Giter Site home page Giter Site logo

dsonet / elasticsearch-analysis-pinyin Goto Github PK

View Code? Open in Web Editor NEW

This project forked from infinilabs/analysis-pinyin

0.0 1.0 0.0 316 KB

The Pinyin Analysis plugin integrates JPinyin(https://github.com/stuxuhai/jpinyin) module into elasticsearch.

Java 100.00%

elasticsearch-analysis-pinyin's Introduction

Pinyin Analysis for ElasticSearch

The Pinyin Analysis plugin integrates Pinyin4j(http://pinyin4j.sourceforge.net/) module into elasticsearch.

Pinyin4j is a popular Java library supporting convertion between Chinese characters and most popular Pinyin systems.
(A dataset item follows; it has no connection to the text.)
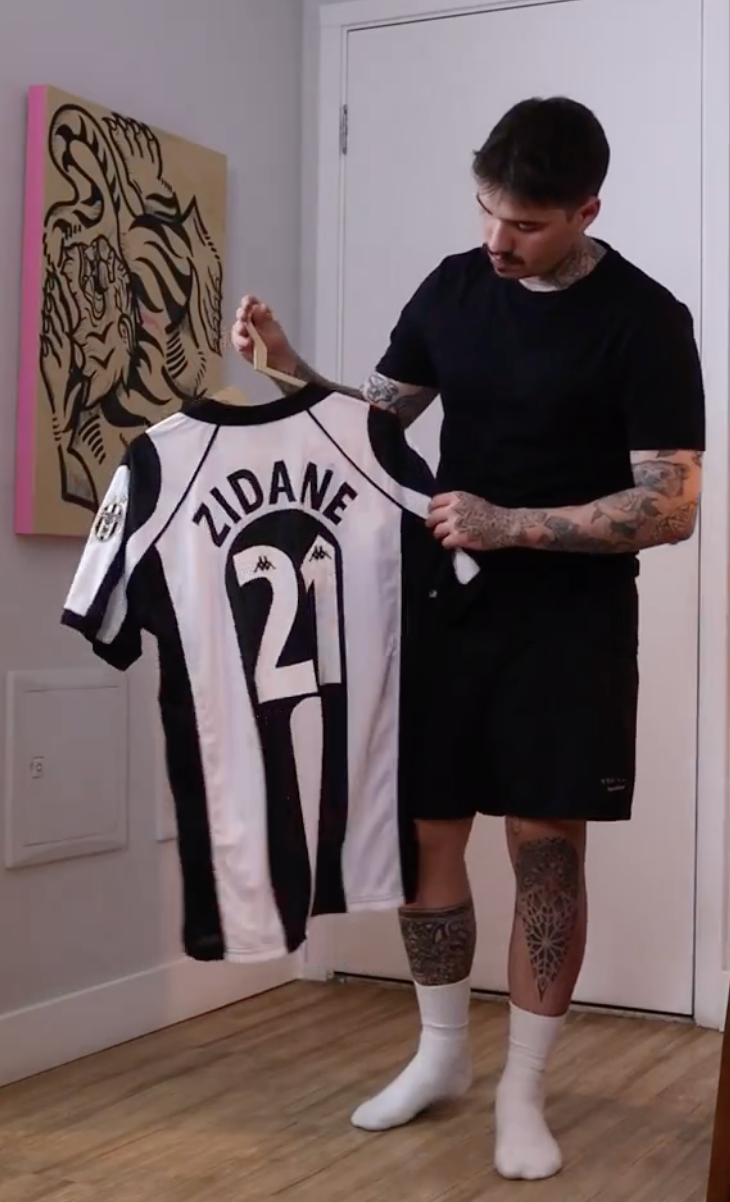 Juventus 1997/98 Home Shirt – Zidane & Del Piero Juventus Jersey – Custom Name Available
The output format of pinyin could be customized.

you can download this plugin from RTF project(https://github.com/medcl/elasticsearch-rtf)

--------------------------------------------------
| Pinyin4j   Analysis Plugin    | ElasticSearch  |
--------------------------------------------------
| master                        | 1.6.0 -> master|
--------------------------------------------------
| 1.3.0                         | 1.6.0          |
--------------------------------------------------
| 1.2.2                         | 1.0.0          |
--------------------------------------------------
| 1.2.0                         | 0.90.0         |
--------------------------------------------------
| 1.1.2                         | 0.20.2         |
--------------------------------------------------
| 1.1.1                         | 0.19.x         |
--------------------------------------------------
| 1.1.0                         | 0.19.0         |
--------------------------------------------------

The plugin includes a pinyin analyzer , two tokenizer: pinyin pinyin_first_letter and a token-filter: pinyin .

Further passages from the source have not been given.